The matter of Mr Calhoun was raised.
'Your husband, you…?' The Greek woman made a twisting gesture with her hands and a
kkkrrkkk sound at the back of her throat.
Knowing she needed Sophy's trust, La Marmoset gave a single nod.
'Good,' said Sophy. 'Me also. He was no husband, my Harry Latimer, but… you know how such things happen.'
La Marmoset did.
'Your Mr Calhoun – justice was served?'
La Marmoset thought about it.
What had separated her from a policeman or an examining magistrate was that justice and law were beside the point. As a detective, she was interested in truth alone. What was done with truth was up to others. It had not been her decision to prosecute Frederick Hohner only for the crime which could easily be proven against him.

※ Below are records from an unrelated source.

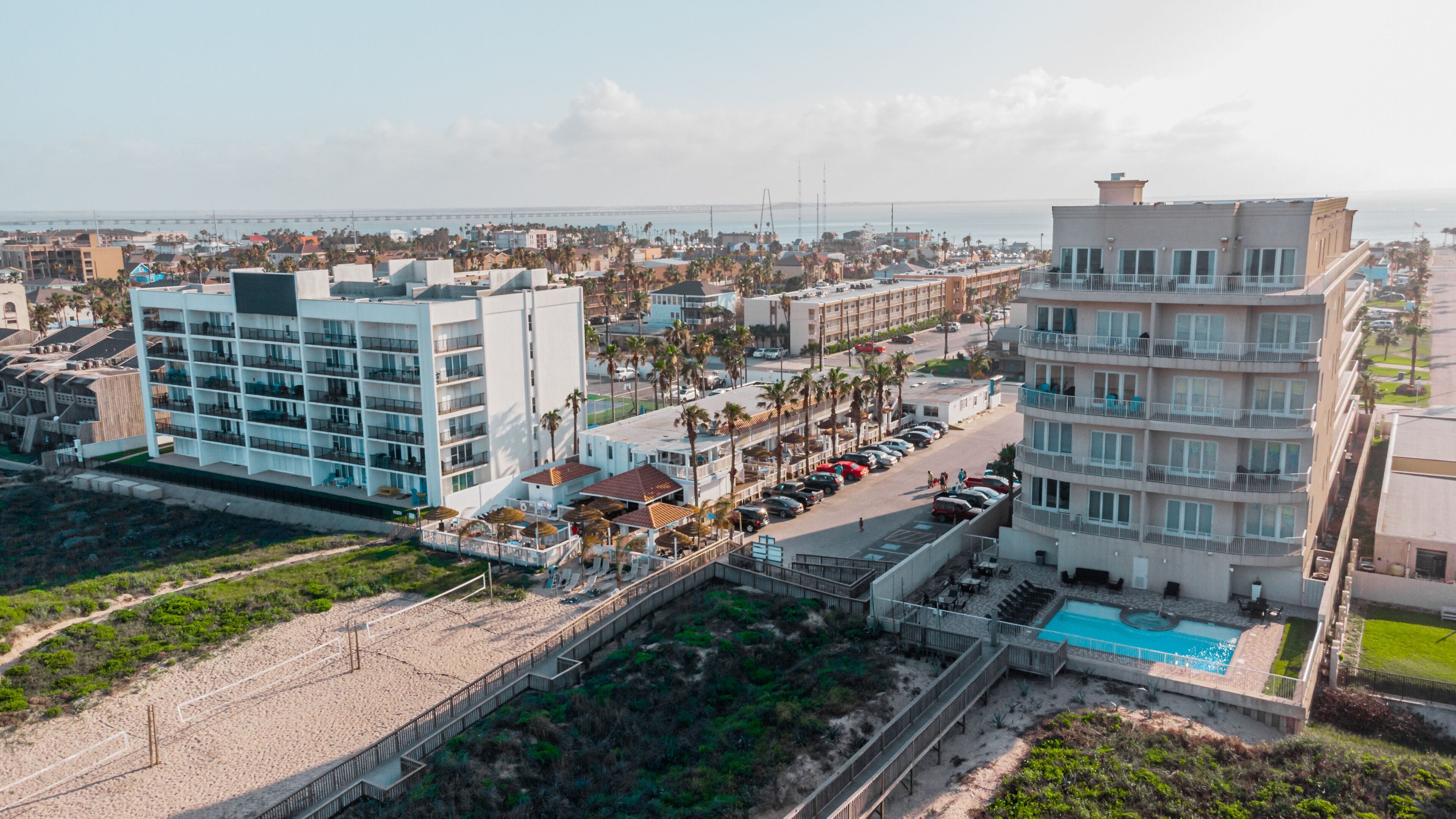 A coastal hotel with multiple floors, a swimming pool, and a beach area.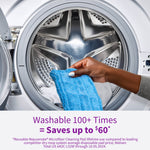 Hand placing a blue Rejuvenate microfiber pad into the drum of a front-load washing machine, showing washability.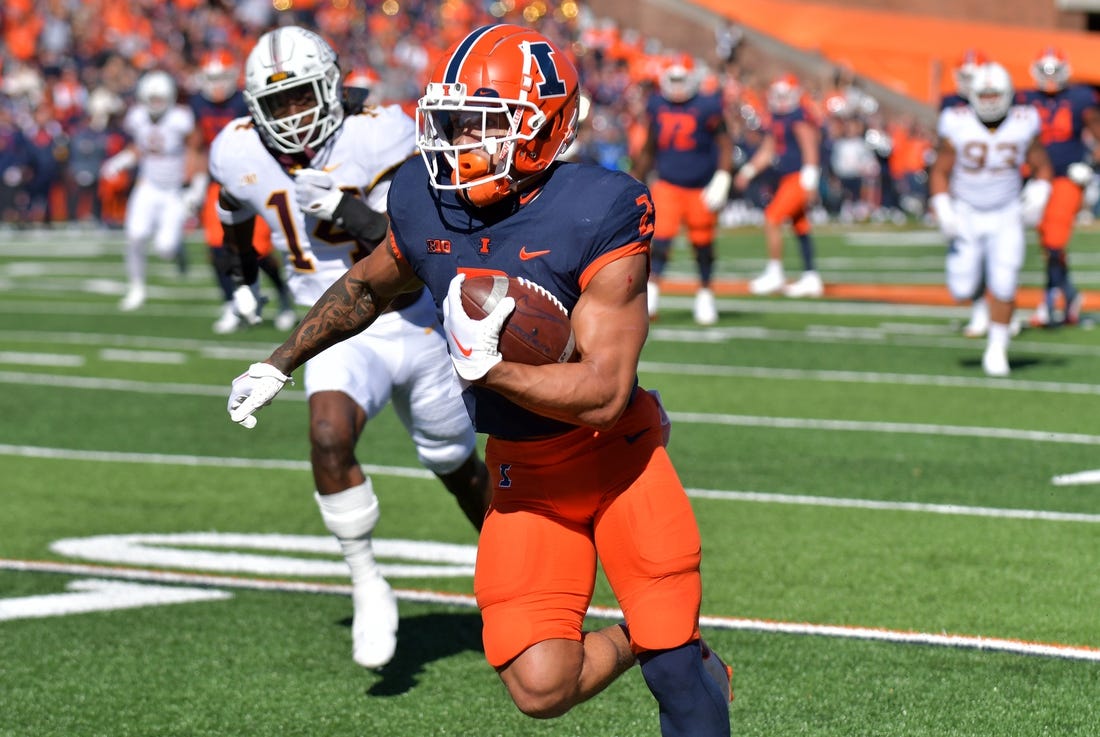 Oct 15, 2022; Champaign, Illinois, USA;  Illinois Fighting Illini running back Chase Brown (2) scores a touchdown during the first half against the Minnesota Golden Gophers at Memorial Stadium. Mandatory Credit: Ron Johnson-USA TODAY Sports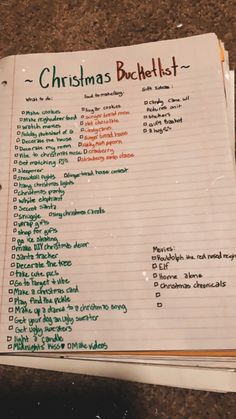 a christmas bucket list on top of a book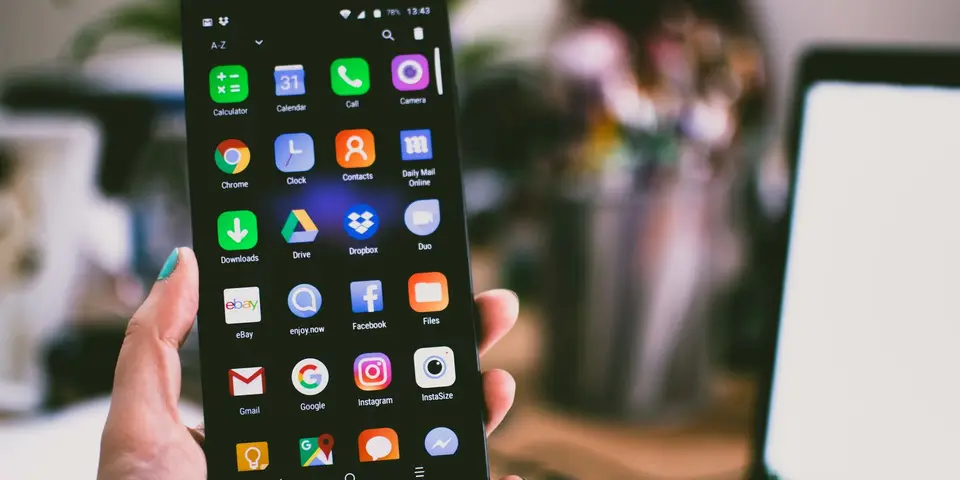 Hand hält ein Smartphone mit geöffnetem App-Raster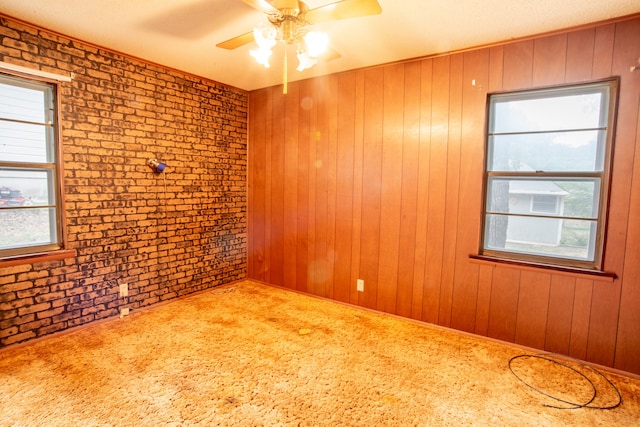 spare room featuring ceiling fan, wood walls, carpet flooring, and brick wall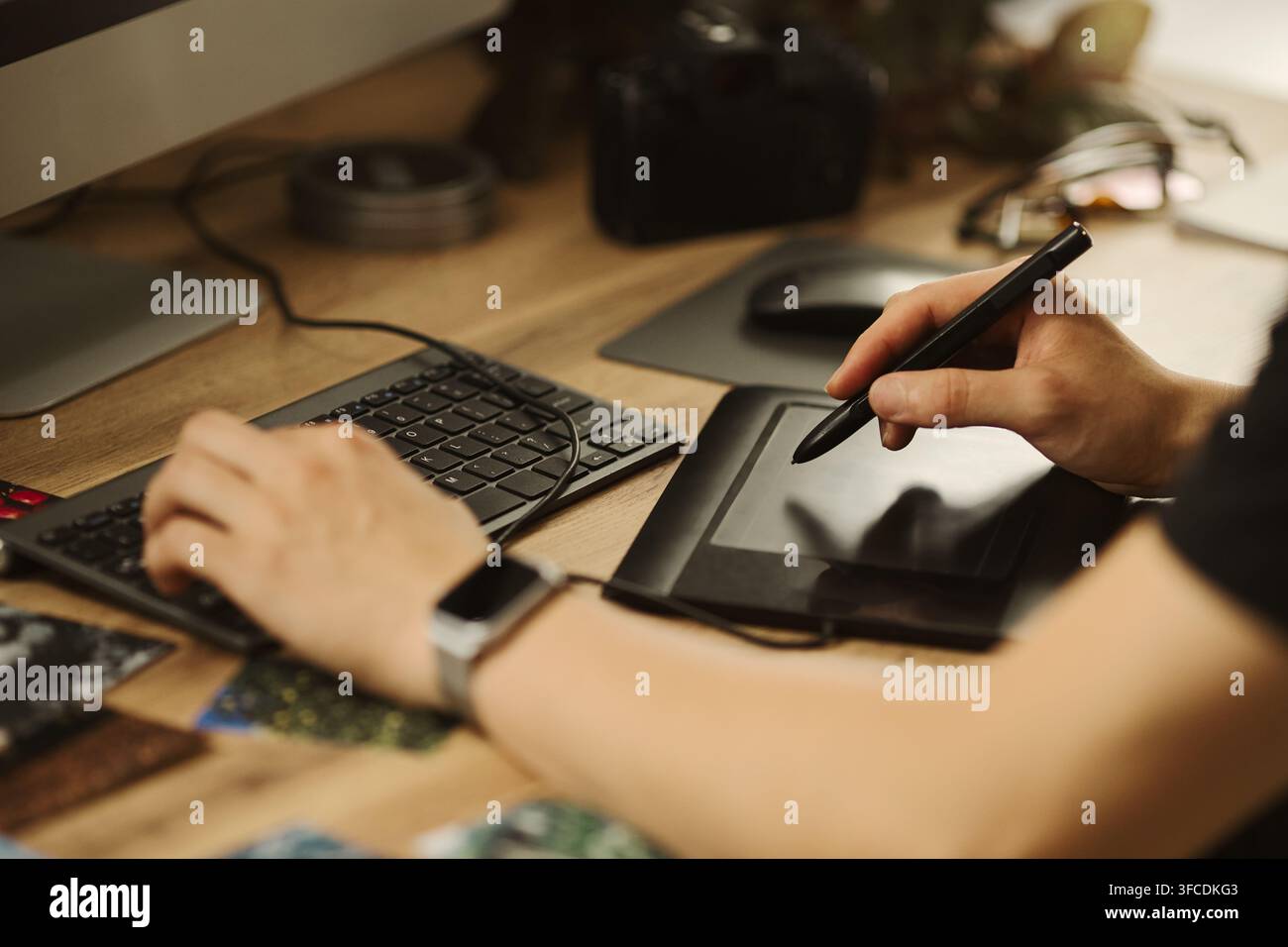 Hände eines männlichen Designers, die ein Grafiktablett und eine Tastatur an einem Holzschreibtisch verwenden. Bild repräsentiert die digitale Kunstschöpfung, geeignet für Marketing von Kreativagenturen Stockfoto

With Mr Calhoun, that was changing. She had tried and convicted and carried out the sentence herself.
'A court might not think it, but… yes. Justice was served.'
'Good. With Kemp and Latimer, also. We are friends now.'
The women embraced.
Both had crossed lines, from victim to avenger, from detective to (she admitted) murderess. Sophy had become more herself – indeed, only herself – after being taken for granted by men who presumed on her. They hadn't noticed Sophy in the corner as they argued about arrangements concerning her without consulting her. Even Paul Kratides didn't think to ask his sister whether their money was more important to her than his life. How surprised had Latimer and Kemp been to wake up with knives twisting in their bellies? Did they even realise who was ending their wicked lives?
With less clear-cut right on her side in the matter of Mr Calhoun, La Marmoset had become no one… though she saw her friend, in tiny moments of inaction, envied her fluid identity, her ability to take off one mask and put on another. For Sophy, there was too little joy in justice. The Opera Ghost Agency, which at least required her to do things other than kill people, was drawing her out of the numbed shock she still felt at her brother's murder.
La Marmoset and Sophy had worked together on complicated matters and, at the conclusion of every case, agreed.
Justice was still served.
Sometimes, it was down to Sophy to serve it. La Marmoset had never seen anyone better with a pistol or knife. Or at the tidying-up after.